That means during the capture window, per pixel there is less information being captured result in very coarse discretisation of data which can only be resolved through software afterwards. That means the higher the pixel count the more we are at the mercy of computational photography and the perception that has of what was seen rather than the actual data captured.
Nah that's not how it works. More pixels at the same sensor area results in *finer* discretisation of the captured data. If you have a 48MP shot, you can reproduce the image you'd have gotten with a 12MP sensor exactly, just by adding the intensity value of each subpixel in groups of 4 (which is what Apple has called 'Quad Pixels').
The photodiodes of the CMOS sensor in cameras work by 'translating' the number of received photons during a given time frame into an electrical signal. If you have a single 'big' pixel in a given area of the sensor, let's say a 2.44x2.44µm region, all the info you'd get would be something an electrical signal equivalent to saying something like
'136 photos were detected in this pixel'. If you had 4 pixels in the same 2.44x2.44µm region instead, you'd get four electrical signals equivalent to
'30, 45, 27 and 34 photons were detected'. You can recover the 'big pixel' number if you wanted to simply by adding those numbers -> 30 + 45 + 27 + 34 = 136 photons in the 2.44x2.44µm region. But instead of having a single data point, you have four, and you can infer things that you couldn't before (like the standard deviation of the distribution, for example).
That's SUPER useful for a lot of things that are done (and have always been done) in the built-in post-processing of digital images. It doesn’t mean that the post-processing will be heavier, it means that the post processing will be
better informed. In fact, the effect can be the opposite: a better informed noise reduction algorithm can preserve more of the fine detail of the image because it'll be better equipped to tell it appart from background noise.

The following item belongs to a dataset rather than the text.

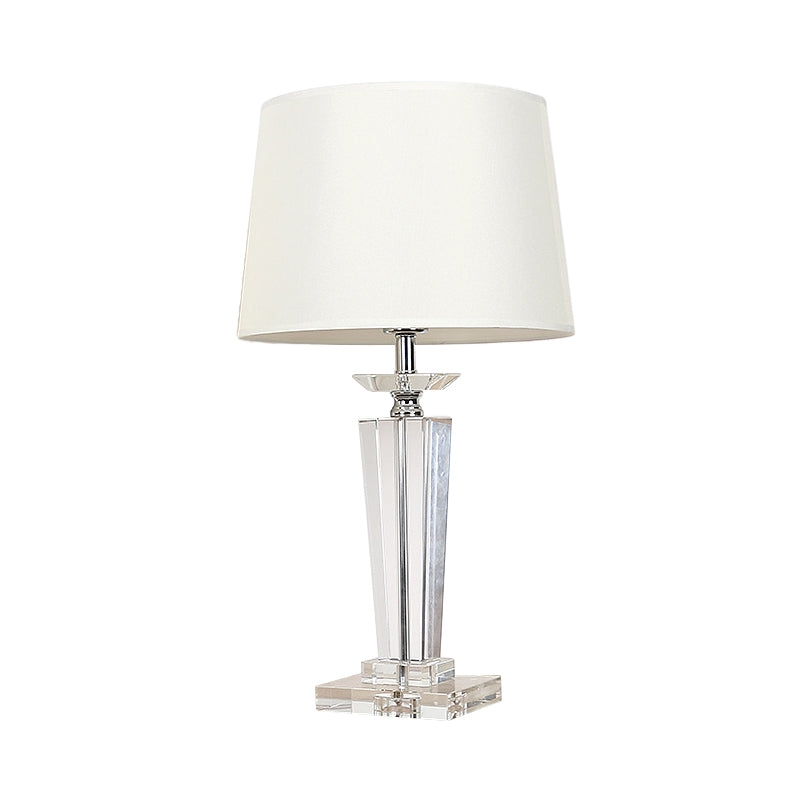 Barrel Crystal Task Light Modernist Fabric 1 Bulb White Nightstand Lamp, 21"/23.5" Long Clearhalo 'Lamps' 'Table Lamps' Lighting' 503835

Outlier values in pixels that are caused by undesired effects (cosmic rays, ionising particles, thermal noise…) can be detected more accurately the smaller the pixel size is (because many of those effects affect single pixels) rather that when they’re averaged with other, valid image data.
A very simple example of how you'd do that: you can median-average pixel values instead of mean-average them (which is what 'bigger pixels' essentially do). The median is a better estimator for the center value of a distribution that the mean, so you'd likely get less noise just by doing that.
The actual reason the pixels in CMOS sensors are not made as small as possible and bigger pixels are sometimes preferred is because there are parts of the photodiode surface (the edges) that can’t capture photons (this is mitigated by using microlensing to redirect photons to the center of each photodiode). So if you cram too many pixels in the same area, more photons are lost to the edges of the photodiodes (because there are more edges), which can’t detect them. This is a compromise between how much data you want and how sensible you want your sensor to be. But it’s a balance. Now technology has advanced to the point that you can recover more data while having minimal losses in light sensitivity.